— ABOUT THIS TASK —
Leave every image out, and return the rest of the data word for word.

** Opening DATASET EXCERPT block **

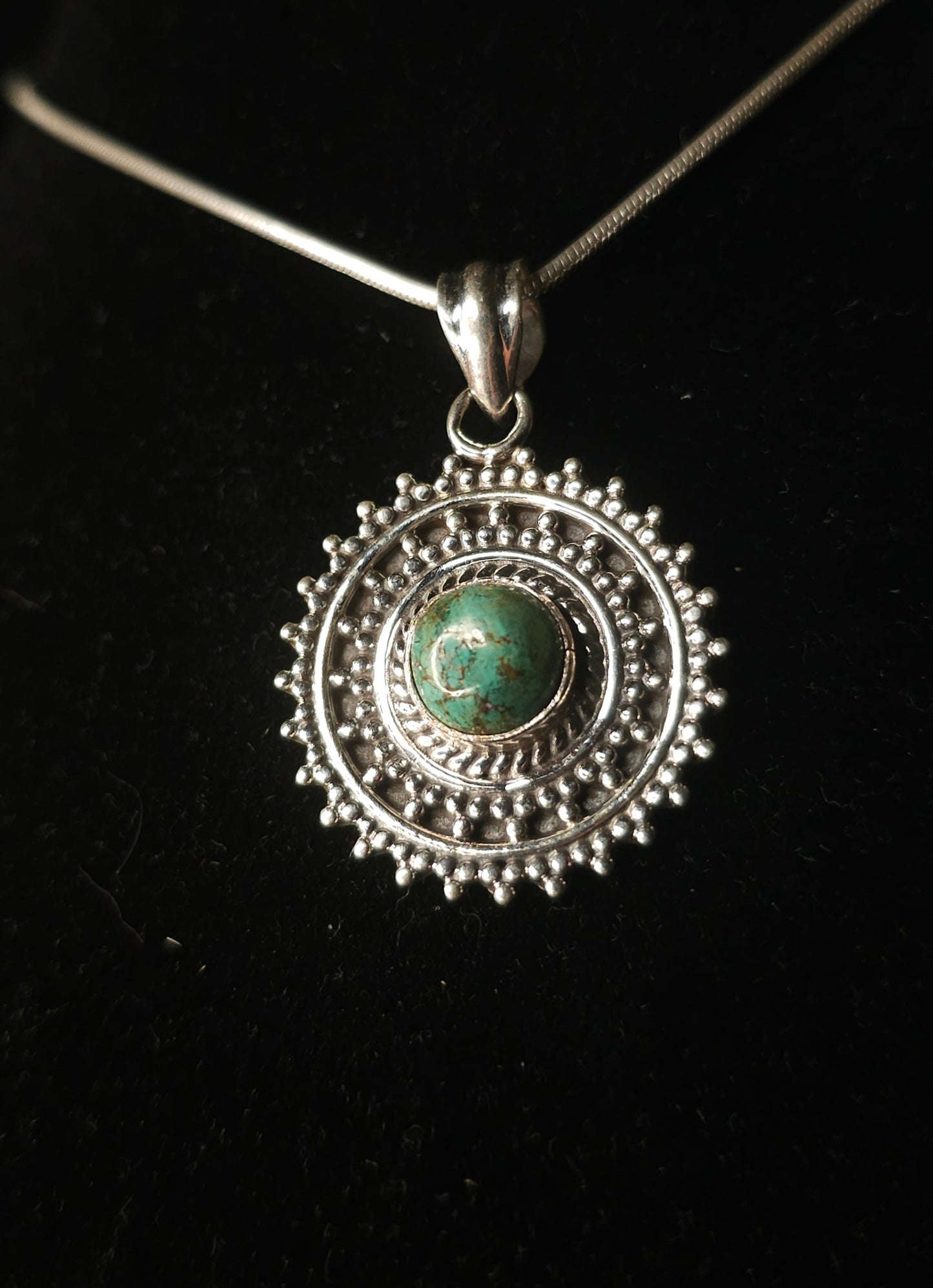 Collier "ATHENA" avec Pendentif Turquoise serti en Argent 925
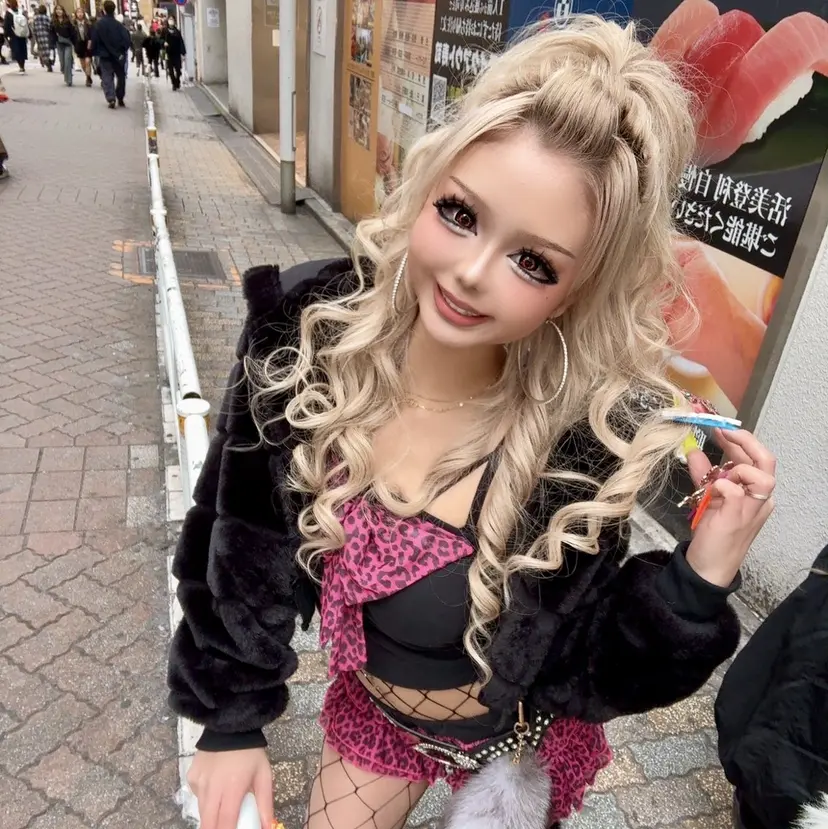 シールエクステ /まる🐺/渋谷の掲載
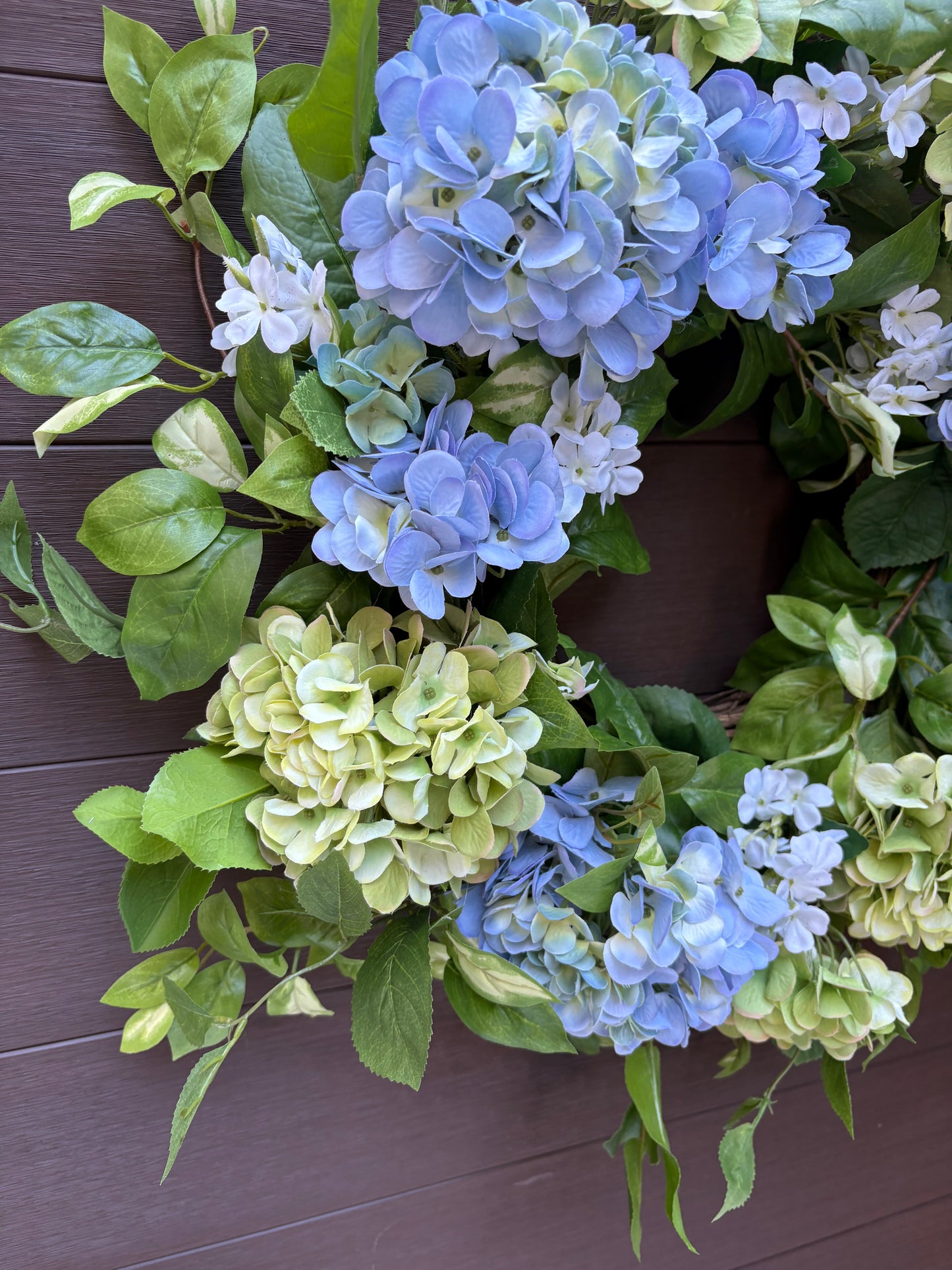 Couronne hydrangea bleu et vert – feuillage naturel élégant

** Closing DATASET EXCERPT block **

— WRITTEN ANSWER —
 Collier "ATHENA" avec Pendentif Turquoise serti en Argent 925
 シールエクステ /まる🐺/渋谷の掲載
 Couronne hydrangea bleu et vert – feuillage naturel élégant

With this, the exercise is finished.